In fact, the filmmaking is so good that Atomic Blonde does feel a little like style over substance. I was watching in utter awe of how this film got made, but there’s very little bite to it. Every tiny detail, ranging from the lighting to the editing to the overall set design is absolutely impeccable, but it all amounts to nothing because the film never really goes anywhere. Plot lines are thin are overbearing. Character arcs come out of nowhere. The very final scene feels like is should matter, but really doesn’t. Nothing in this world makes much sense, but it does, much like with John Wick, feel like a lived in environment. These orginisations have been going about their business in secrecy for years, and I bought into it with ease.
The film even boasts an epic 80s soundtrack that bounces us from scene to scene. But no matter how impressive the soundtrack may be, even with plenty of generic “look at me” songs, the recent success of Baby Driver has spoilt me. After seeing the way that movie matches music with its action, nothing else can even compare. Everyone that tries, even films made simultaneously (both this and Baby Driver first premiered at SXSW earlier in the year), just can’t live up to Baby Driver’s hype. But, alas, everyone involved looks to be having so much fun, and it shows in their performances. McAvoy is clearly having a hoot doing whatever the hell it was his character was doing (I still don’t understand him…), whereas Theron is slowly turning into a modern day action star and I love it.
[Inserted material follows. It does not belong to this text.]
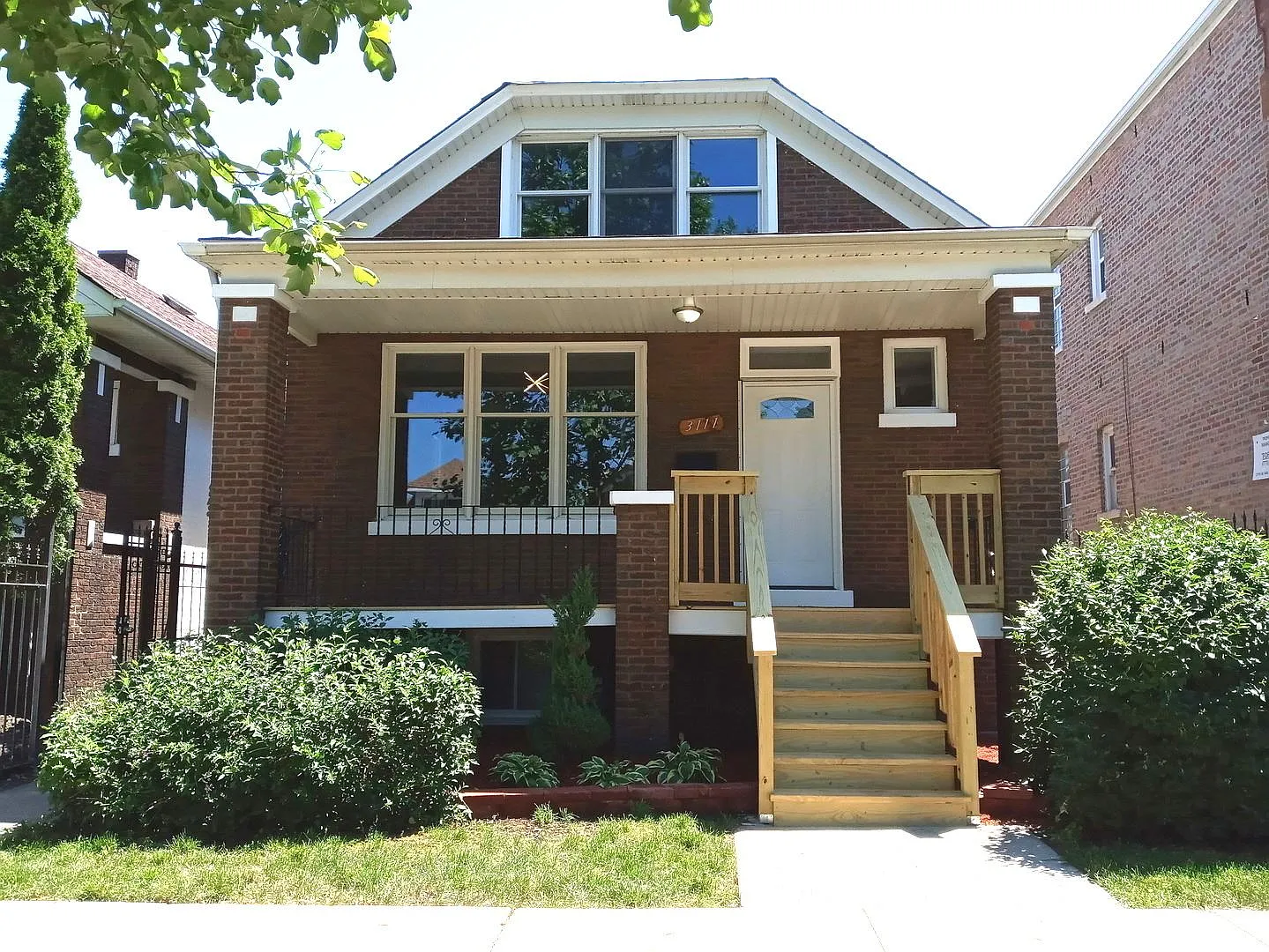 3111 W 54th Pl photo 1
I had high expectations walking into Atomic Blonde, so no matter how much neon-lit carnage it managed to throw in my face (the first half did feel a little lacking in this regard), it still left me slightly disappointed. It’s fine. This isn’t the worst film imaginable, and there are far worse options currently playing in cinemas *cough* Transformers *cough*, but the actual film struggles to live up to the craftsmanship that’s been put into it. Still, the film ends with a David Bowie song, so it’s impossible for me to say I didn’t like it.